The discounted cash-flow method was chosen because the opening balance sheets were approved on the basis of a continuation of operations and, consequently, future earnings. The Norwegian authorities consider that methods based on accounting results can only be used if the companies in question have been traded, and can be considered comparable in relation to both risk and expected growth. For obvious reasons, comparable information was not available and the discounted cash-flow method was therefore the natural choice.

The Norwegian authorities explain that the calculations on which the valuation is based show that the market value (Nkr 357 million) is considerably lower than the book value in A/S Vinmonopolet's accounts; in other words the future cash flow cannot be expected to give a satisfactory return on the entire book value in the case of commercial activities in the new market situation the Arcus Group is facing. The opening balance sheets of the Arcus companies reflect therefore the drop in value (Nkr 700 million) as a result of lost market shares compared to a monopoly situation and adaptation to new operating conditions.

Reference is also made to the Norwegian Government's expressed intention of keeping the consumption of alcohol in Norway at a low level so as to minimize the damaging effects of high alcohol consumption levels. Due to these factors of uncertainty the Norwegian authorities consider that the estimation of the company's value has to be done conservatively.

The Norwegian authorities consider in general that the calculation of value requires an objective valuation; that is to say what a third party might be willing to pay for an undertaking.

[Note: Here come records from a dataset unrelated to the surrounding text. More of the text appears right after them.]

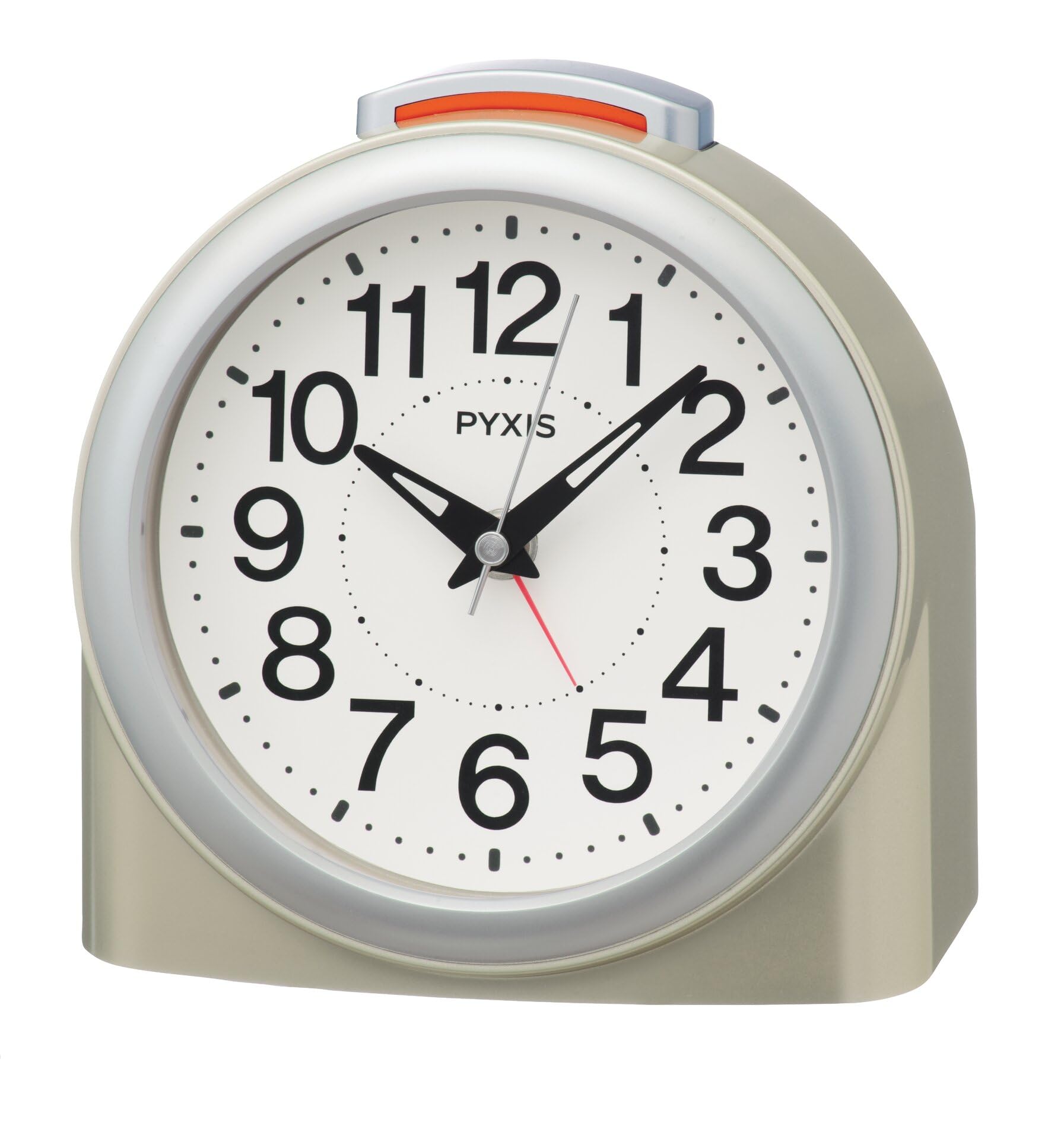 Seiko Clock PYXIS NR457G Alarm Table Quartz 125 x 125 x 73mm Clock, Clock, Analog, бледный золота
Seiko Clock PYXIS NR457G Alarm Table Quartz 125 x 125 x 73mm Clock, Clock, Analog, бледный золота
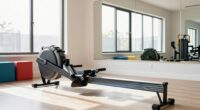 high capacity rowing machines
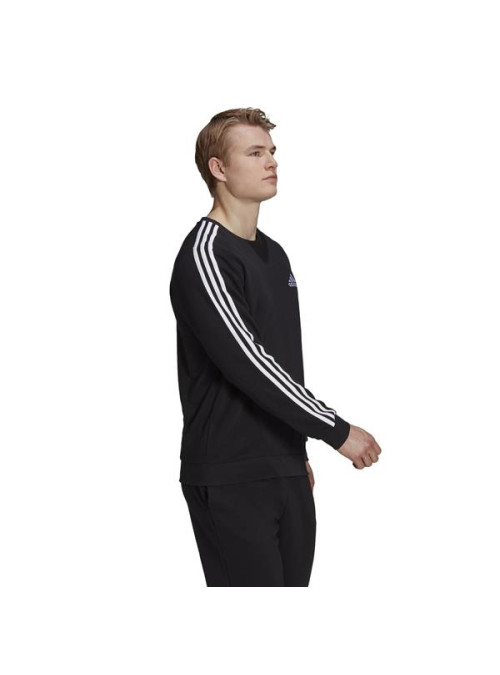 Adidas Męska Bluza M 3s Ft Swt GK9078 Czarny | Sklep Monotox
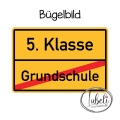 Bild 1 von Bügelbild Grundschule 5. Klasse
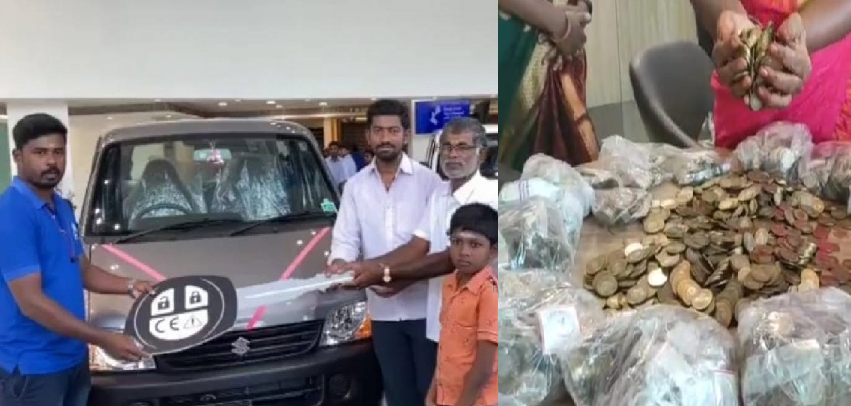 Tamil Nadu man buys Maruti Suzuki Eeco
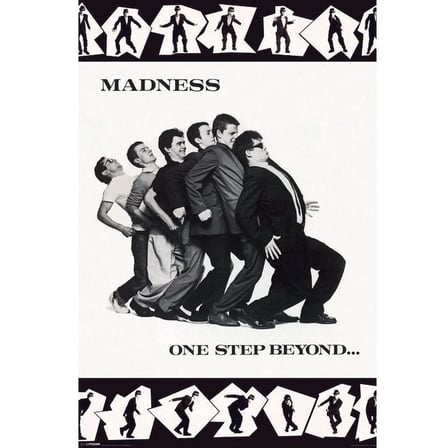 Maxi Poster Madness One Step Beyond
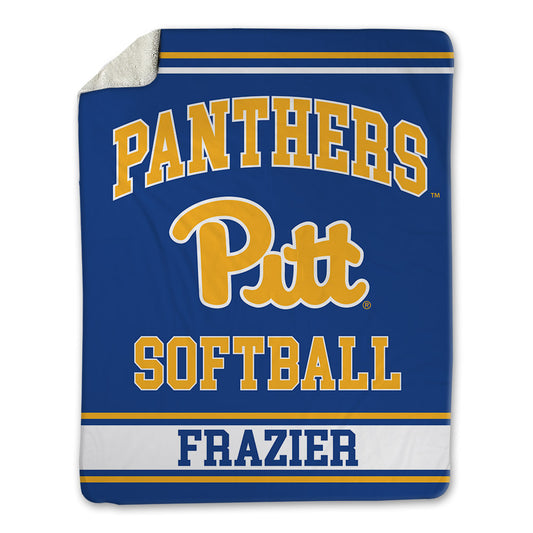 Pittsburgh - NCAA Softball : Shelby Frazier - Blanket-0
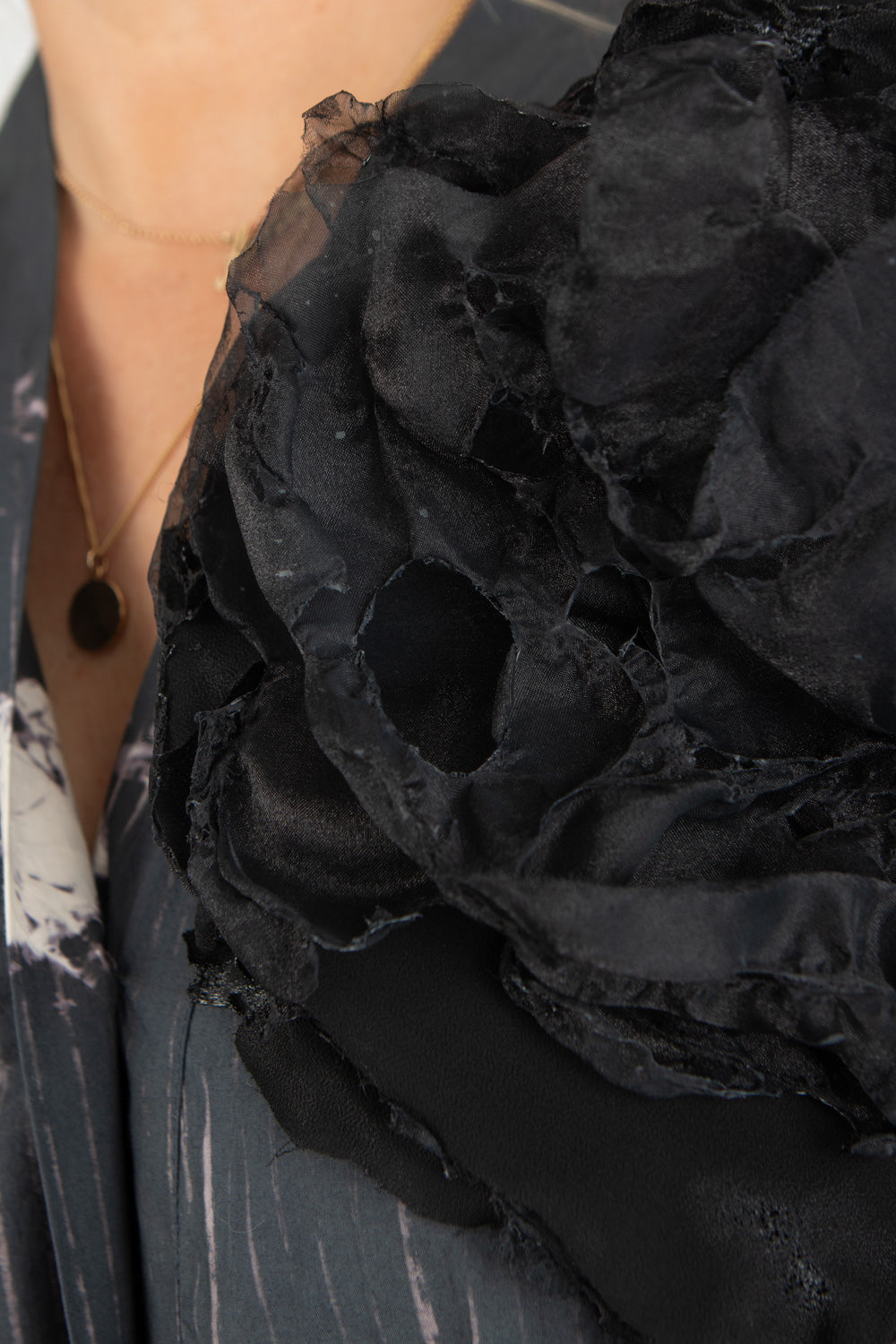 Sanctamuerte Textile Pin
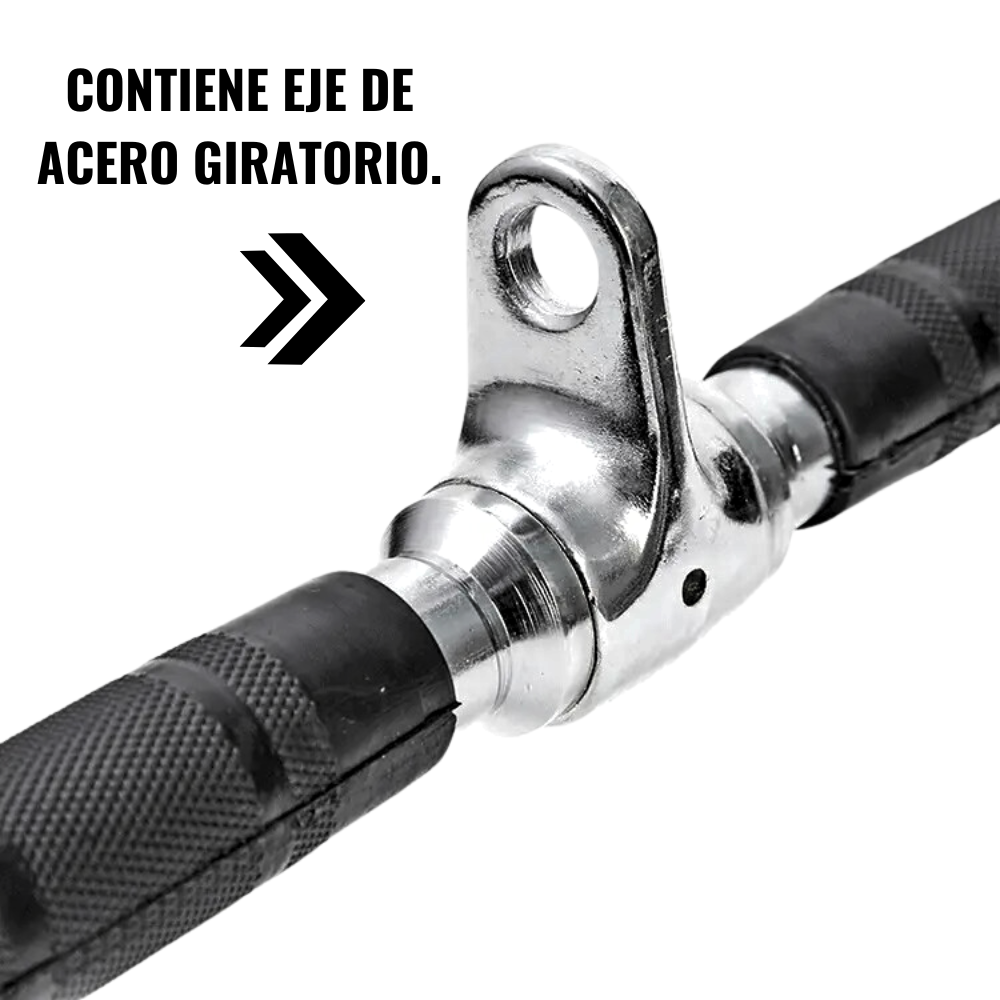 Agarre De Polea Barra Amplia Engomado 104 de 90 Cm-3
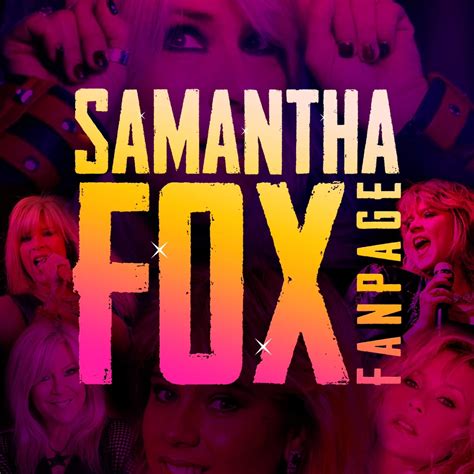 Samantha Fox Fanpage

However, in the present case, they consider this alternative not to apply. The result of this being that in calculating real value, caution had to be shown in the calculation and the use of the assets in the opening balance. The transactions, in this case the allotment of shares otherwise than for cash, have taken place between close parties. They consider therefore that there is no reliable estimate of what a third party might be willing to pay for the companies. Reference is made to Section 2-4 of the Joint Stock Companies Act, the basic accounting concept of prudence, which is referred to in Article 31 of the Fourth Council Directive, and the auditor's independent statement in accordance with Section 2-9, second paragraph, of the Companies Act.

The Norwegian authorities conclude that on the basis of estimates from independent advisors, the valuation of the Arcus Group of companies was carried out in good faith, in accordance with the manner in which a market investor would have carried out an equivalent investment.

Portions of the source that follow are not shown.